Show me where I have ever talked about anything else?
There would be no point in that if you are now clarifying that by "computer model" you mean "computer model used to project climate changes."
Close enough is not right on a computer it is wrong. 1.5 is not a close enough answer to 1+1, it is wrong.
I agree that 1.5 is not an acceptable answer to 1 + 1. However, I believe it is a perfectly acceptable answer to 2.4999999999 - 1.000001 under certain circumstances. It depends on what I'm doing it.
Have you ever programmed computers? We deal with issues of precision in floating point numbers on a regular basis. I'm not going to embark on a lecture about different data types, but suffice it to say programmers have to make choices about precision when designing a system.
If you want to insist that "close enough" is always wrong, that's fine by me. It doesn't change the fact that close enough is still close enough and extremely useful.

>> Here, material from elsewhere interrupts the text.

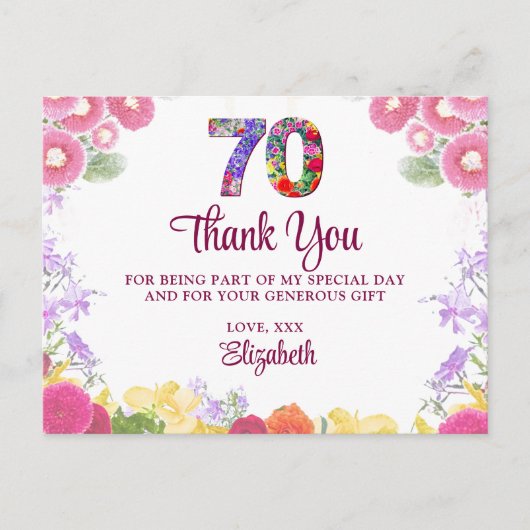 Elegant Bloemen 70ste Verjaardagsfeest / 70 Dank u Briefkaart (Voorkant)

You could extrapolate historic temperatures in excel and come "close enough". Enough people could guess and someone will be "close enough".
The people extrapolating numbers will be closer far more often than people guessing. The question you are avoiding is where do you personally transition from
wrong to
within tolerances?
Did any of the economic models predict the DOW at 6500 in March of 2009 years in advance? Nope.

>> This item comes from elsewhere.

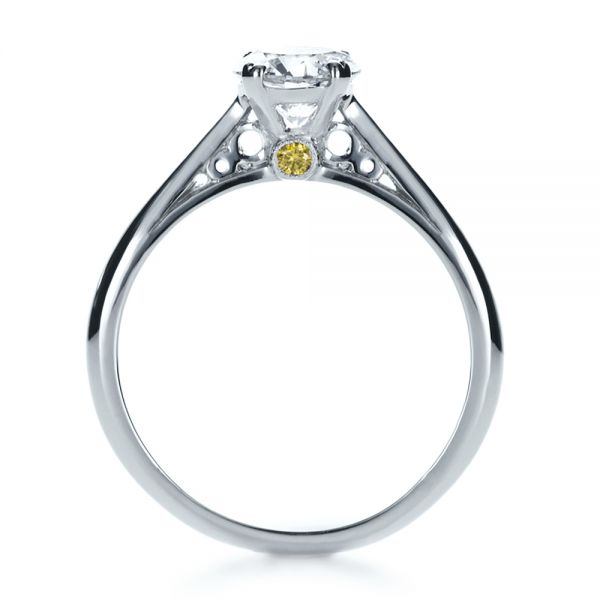 18k White Gold Custom Diamond Engagement Ring - Front View -  1162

Economic models are another subject entirely. I will not debate that with you.
If you don't understand the limitations of computers then you want to believe there is a level of accuracy in the predictions. In reality they are no better than guessing and actually worse because "scientific authority" is attached to them all due to computer illiteracy.

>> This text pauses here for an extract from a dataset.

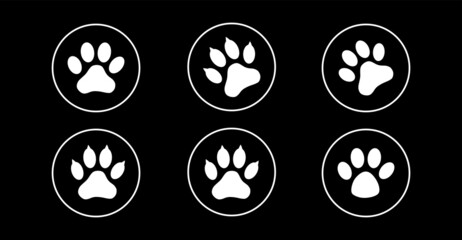 Dog and cat paw prints collection, paw icon set black icon	 - obrazy, fototapety, plakaty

Define guessing. Differentiate between my three year old "guessing" and a group of 10 scientists "guessing" the mean global temperature in the year 2020.
I only have a problem with computer climate models when they are used for predictions, scientific conclusions and public policy.
So, once again, how do you plan for the future?
I thought weather has nothing to do with climate?
I used the weather as an example of the issue precision and accuracy. You, of course, knew that. You're just being deliberately obtuse.
When the weatherman says it will reach 110 tomorrow, he is by definition excluding a huge range of other possible values. If the temp reaches 111, he was "wrong" as far as you're concerned. Is he just as wrong if he predicted it would only reach 37?
Just as an example of your train of thought, explain to me what tolerances you would accept for temperature predictions for the next day. I'll go first. I figure if he's within +/-5 degrees Fahrenheit 95% of the time, I will find his predictions useful and reliable. What about you?